* _TASK TO CARRY OUT_
A verbatim repeat of the lines below is required, with the pictures removed.

* _COLLECTED MATERIAL_
BEGIN

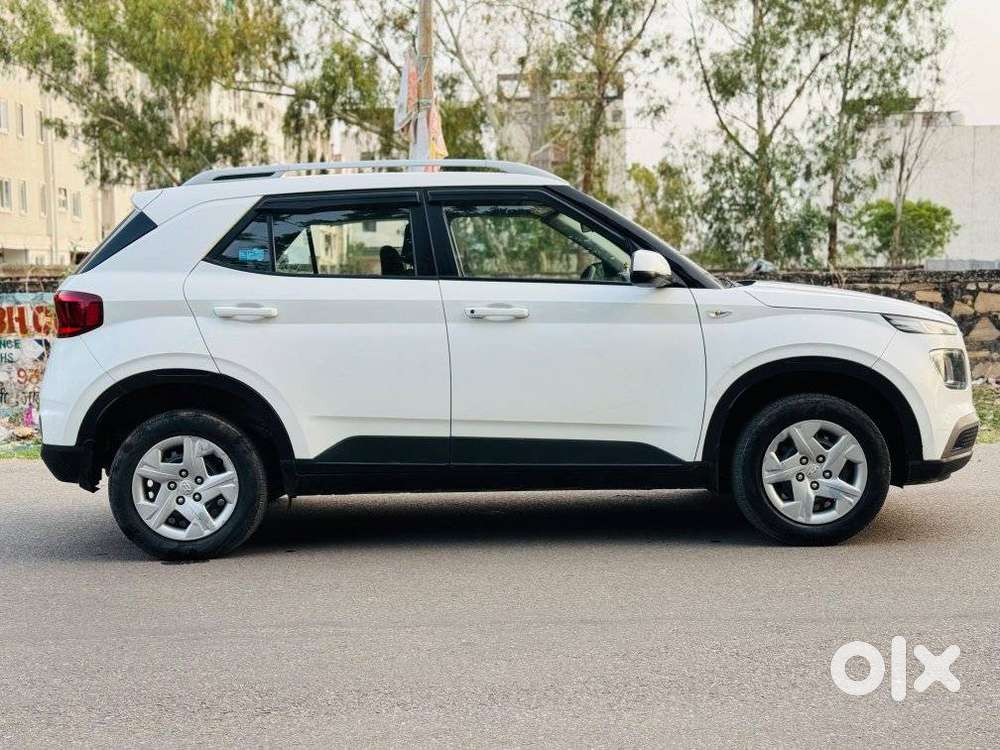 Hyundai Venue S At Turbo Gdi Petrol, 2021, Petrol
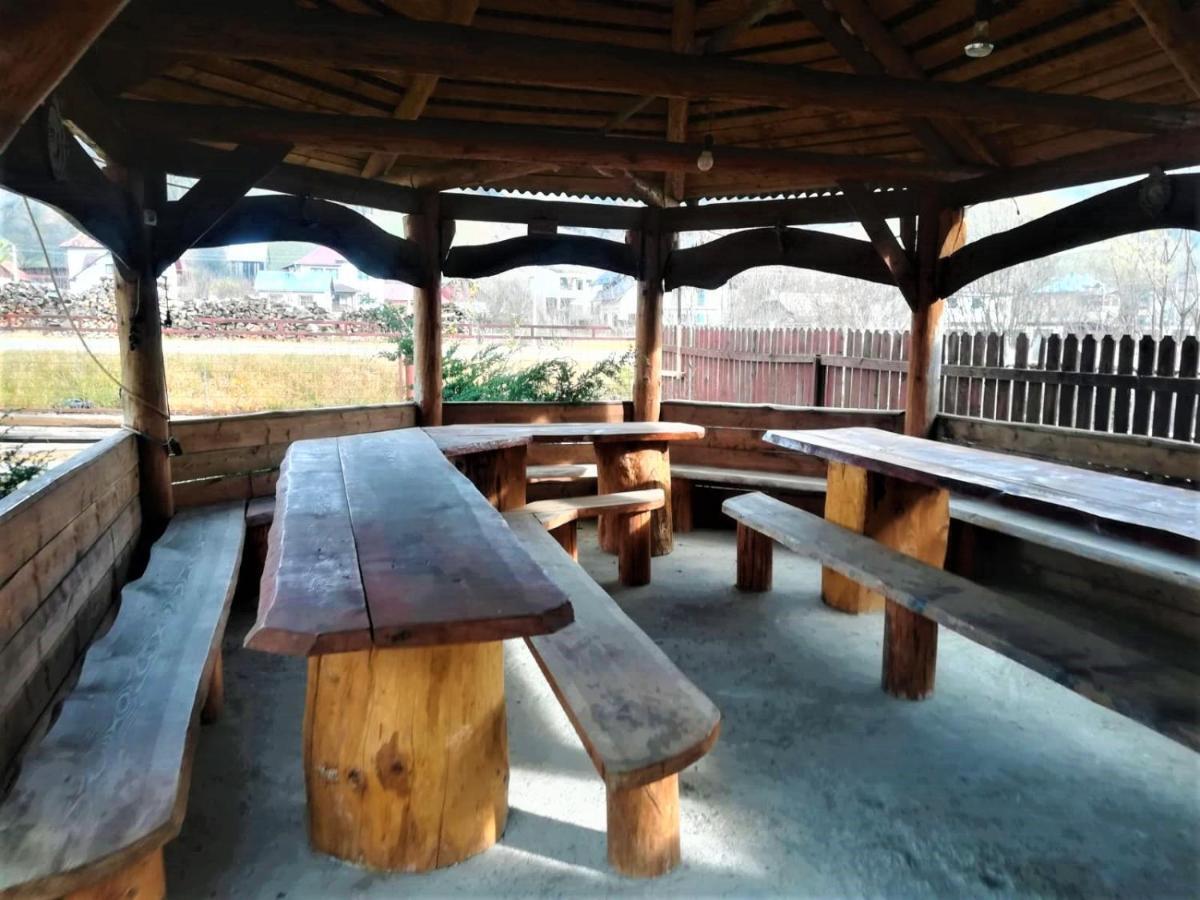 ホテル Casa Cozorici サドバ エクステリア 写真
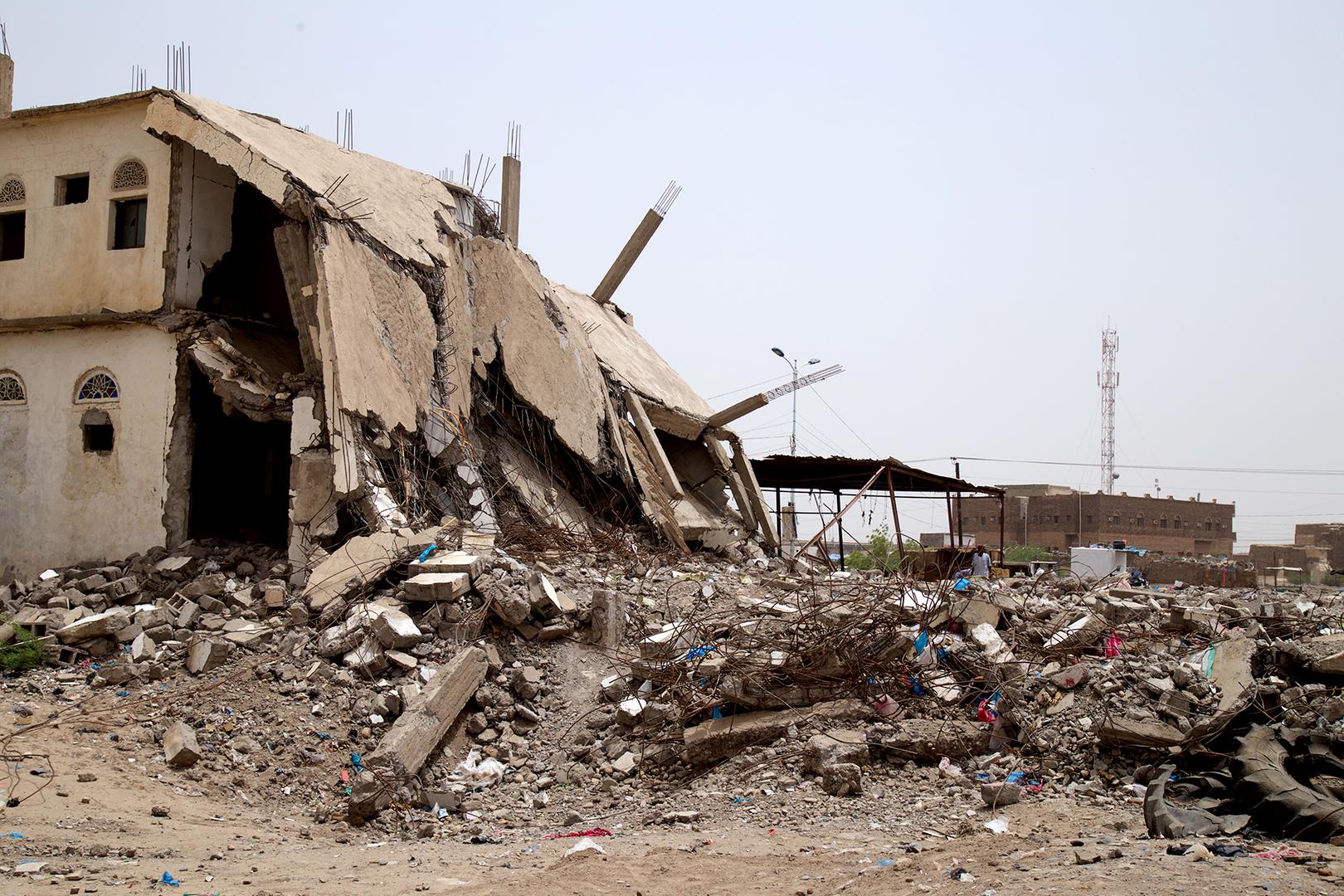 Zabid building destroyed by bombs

END

* _SOLUTION TO THIS EXERCISE_
 Hyundai Venue S At Turbo Gdi Petrol, 2021, Petrol
 ホテル Casa Cozorici サドバ エクステリア 写真
 Zabid building destroyed by bombs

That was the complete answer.